Replicating the replication crisis with GPT-3?

I am get­ting wor­ried that peo­ple are hav­ing so much fun do­ing in­ter­est­ing stuff with GPT-3 and AI Dun­geon that they’re for­get­ting how easy it is to fool your­self. Maybe we should think about how many differ­ent cog­ni­tive bi­ases are in play here? Here are some fea­tures that make it par­tic­u­larly easy dur­ing ca­sual ex­plo­ra­tion.

First, it works much like au­to­com­plete, which makes it the most nat­u­ral thing in the world to “cor­rect” the tran­script to be more in­ter­est­ing. You can undo and retry, or trim off ex­tra text if it gen­er­ates more than you want.

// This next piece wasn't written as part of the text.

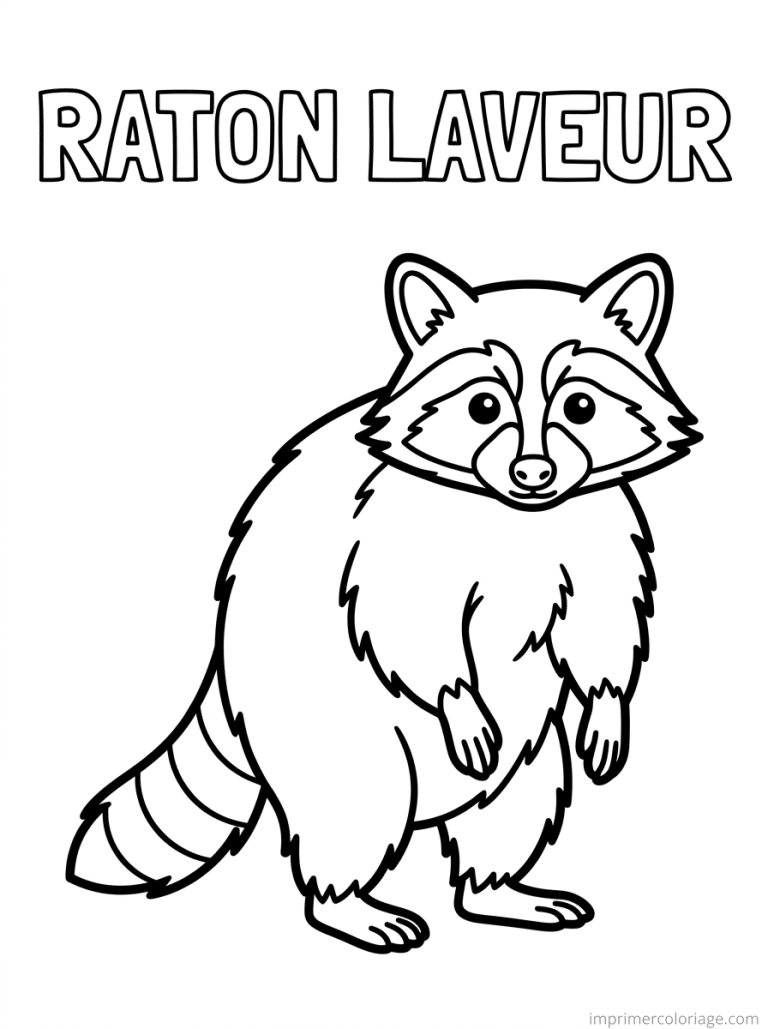 coloriage raton laveur titre haut - dessin gratuit &agrave; imprimer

Ran­dom­ness is turned on by de­fault, so if you try mul­ti­ple times then you will get mul­ti­ple replies and keep go­ing un­til you get a good one. It would be bet­ter sci­ence but less fun to keep the en­tire dis­tri­bu­tion rather than stop­ping at a good one. Ran­dom­ness also makes a lot of gam­blers’ fal­la­cies more likely.

Sup­pose you don’t do that. Then you have to de­cide whether to share the tran­script. You will prob­a­bly share the in­ter­est­ing tran­scripts and not the bor­ing failures, re­sult­ing in a “file drawer” bias.

And even if you don’t do that, “in­ter­est­ing” tran­scripts will be linked to and up­voted and re­shared, for an­other kind of sur­vivor bias.

What other bi­ases do you think will be a prob­lem?